Google+ is dead, Google+ is dead; long live Google+.
I detested it from the moment it reared it’s Medusa like head along with it’s affiliated Circles, ringlets, snakelets whatever. It lowered the standard to that of Facebook and Facebook is the spawn of the devil. There ought to be room for only one Facebook or preferably no room at all.
I am very busy designing large fifty millimetre square icons which hopefully, when clicked or pressed on a touch screen, will display my images of the pubs, birds, mammals and landscapes on the south side of Loch Ness. The icons work fine, I save as a PNG with a bit of drop shadow cos Apple users like a bit of shadow. Then convert to an ICO file and just swap the folder with the information for the posh icon. I then got out of my comfort zone as I suspect to make the large icons and their content tamper proof I’m going to have to go and alter something in Windows Registry. Way beyond me and way beyond the couple I know up here that manage IT systems. I’m practising on my old laptop. Trawling the internet for education and generally getting in a right old muddle. I have two hard drives on my old laptop and have cloned or copied Windows 7 OS onto the one I cleared. I thought I had but some of it hadn’t. I think I need a Windows cleaner.

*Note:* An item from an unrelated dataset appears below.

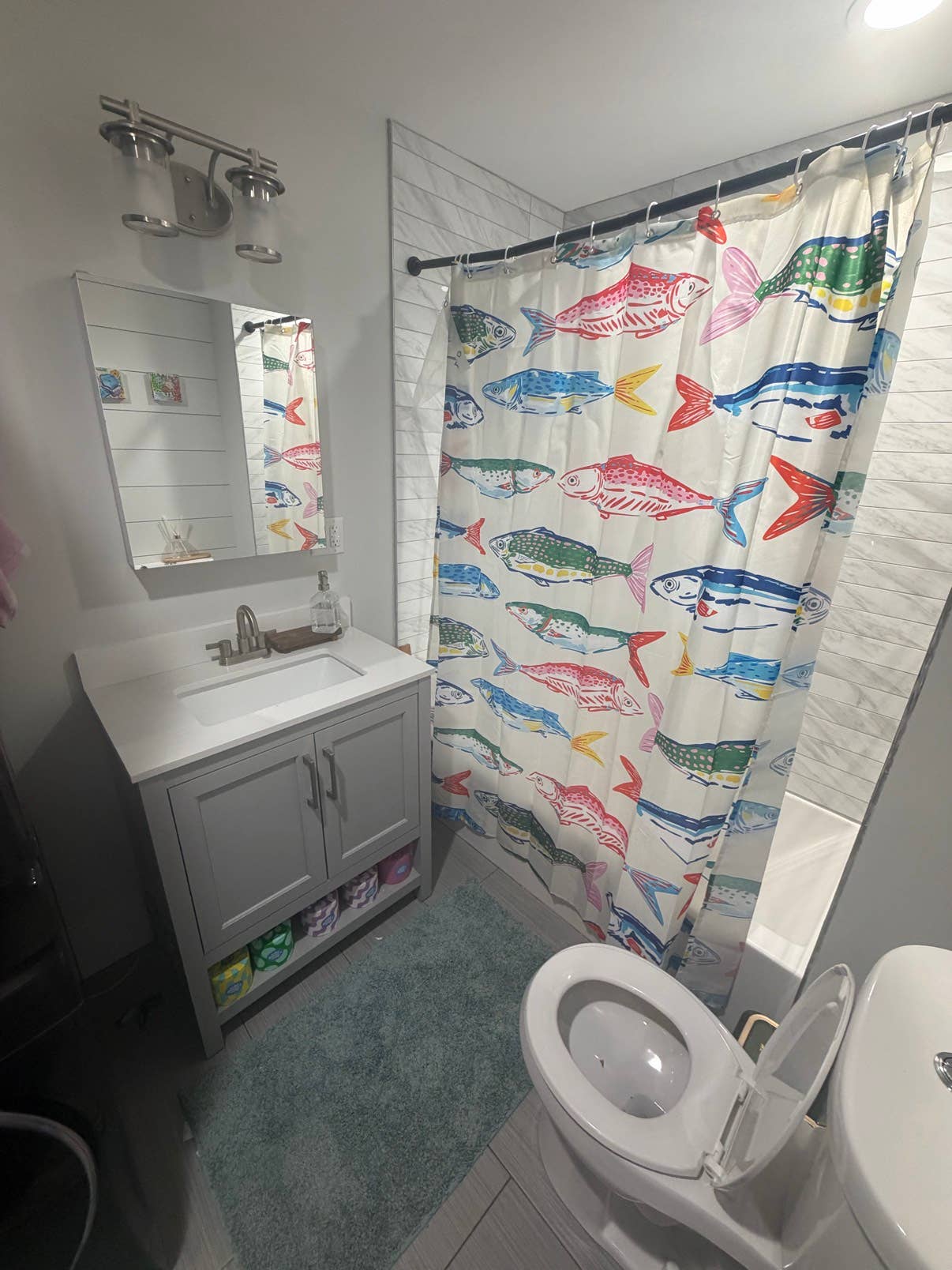 Somerville apartment available!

Anyway, enough of yesterdays entertainment. This morning I drove to Inverness. The road works they finished have started again. I got trapped in a lane for buses and taxis. I got caught by the Busies. All in order with the truck; but the officer said but why didn’t I see the sign, are you blind? I explained that I had but as it was the other side of the lights there was next to nothing I could do to comply with it. (I was committed to my lane, innit!) He was after a fixed penalty but I asked for his certifiable number and told him I’d see him in court. Told him I’d win easy and if I did I’d buy him a pint as all pillocks deserve a reward. He let me go and on I wandered to Harbour road. Got dog food and bird food at Harbro. Then on to Tesco for Adrian food. Not a bad morning as mornings go. Little spotty faced busie could not spoil it. He just livened up a boring trip through Inverness.
Have fun. I got a pot of Vick. It’s to clear my sinuses. £4.00p for Vick? It must pay not to be ill. It certainly pays well to pander to those that are.